2024年3月3日の説教要旨 ヨシュア24:14-24・ヨハネ福音書6:60-71

             「命 の 源」          加藤 秀久牧師

*はじめに

「私は主に仕える」。本日の「あなたたちはだから、主に仕えなさい。」というヨシュアの、この言葉を聞いた時(ヨシュア記24:14)、私はイエス様を信じて私の救い主として受け入れて信じた時のことを想い浮かべましたが、皆さんはどうでしょうか。私は、その時は、まだ神様のことを良く知らずに、ただイエス様を信じ、受け入れたようにも思えます。

*シケムでの契約

本日のヨシュア記には、イスラエルの民がモーセの後継者・ヨシュアによって多くの戦いの日々を経て、カナンの地を征服し、神様によって安住の地が与えられてから長い年月が流れた時のことが記されています。

ヨシュアは老人となり、イスラエルの全部族をシケムに集め、指導的な立場にある人達(長老、裁判人など)を呼び寄せました(23:1)。そして彼らに、イスラエル十二部族が一つの民として、どのように神様と共に歩むべきかを語り、大切なことは、これ迄自分達を選び、約束の土地へ導き入れた神、主を畏れ、主をのみ礼拝し、主にのみ仕えることを告げたのでした。

わたしとわたしの家は主に仕えます。」(15節)

このことは、単に「わたし」だけでなく、「わたしと私の家(家族)が主に仕える」ことを誓い(契約)、自分達の信仰を確かなものとすることです。イスラエルの人々が、民族として一致して神様に従う、その取り組みがいかに大切であり、緊急な課題であるかを自覚しなければなりませんでした。この、ヨシュアの告白は、イスラエルの人々全体にも共通する告白にならなければなりませんでした。

もし主に仕えたくなく、先祖の神々でも土地の神々でも、仕えたいと思うものを、今日、自分で選びなさい」(15節)。

このようにヨシュアから言われた民たちは、「数々の大きな奇跡を行い、行く先々で、又、通って来たすべての中で、私達を守って下さった方こそ、わたしたちの神です。」と告白しました(16節)。(21節・24節でも繰り返し)。

イスラエルは、神様の選び(参照:申命記7:6~8)によって特別な関係にあり、「律法」に従い、神の民としての教育を受ける必要がありました(同上6:6~9)。この教育によりイスラエルの民(ユダヤ人)は、信仰の継承によって、歴史における迫害・苦難をくぐり抜けて来られたのでしょう。

*信仰の継承

現代を生きる私達にとっても信仰の継承は深刻な問題になっています。核家族化が進み、家族の長となる者の価値観の違いなどから親から子供への信仰の継承がむつかしくなっています。
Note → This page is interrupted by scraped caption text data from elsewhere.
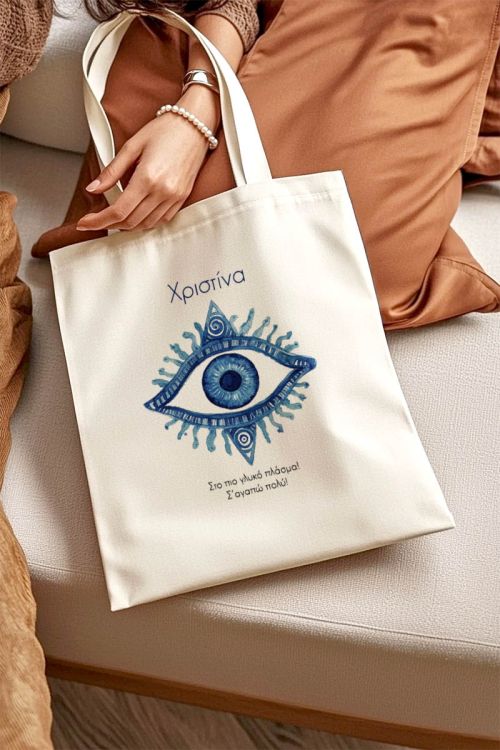 Πάνινη Τote Bag Ώμου με Όνομα, Ιδανικό Δώρο για Μαμά
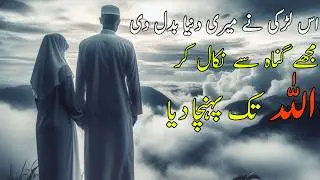 Haram Se Halal Tak Ka Safar | Heart Touching Urdu Islamic Story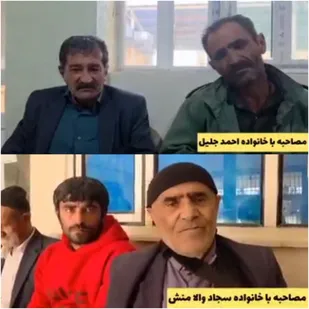 اغتشاشگران را مجازات کنید+فیلم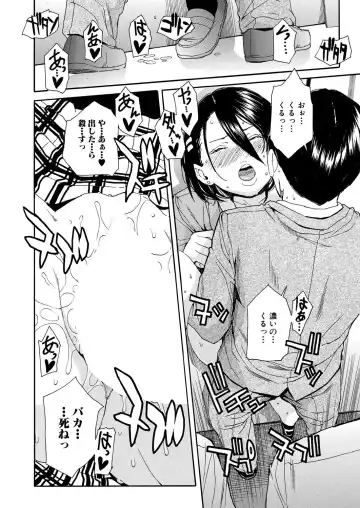 [Junkie] Body Control App 1-4 Fhentai - Page 40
イスラエルに於いても、「律法」をしっかりと学んでいるはずなのに・・一方では、異教の神々や他に目を向けてしまう弱い部分があり、彼らがその度ごとに、本来の信仰に立ち返り、神様からの赦しを受けていることも記されています。「主を捨てて他の神々に仕えるならば、一転して災いをくだし、滅ぼされる」と20節には神様の警告も語られます。私達も神様から与えられた子供・友人・知人・地域の人達に神様の言葉を伝えて、共に礼拝していかなければ、生きた、真(まこと)の神様のことを伝える者がいなくなり、滅んでしまうことを再認識する必要があると思います。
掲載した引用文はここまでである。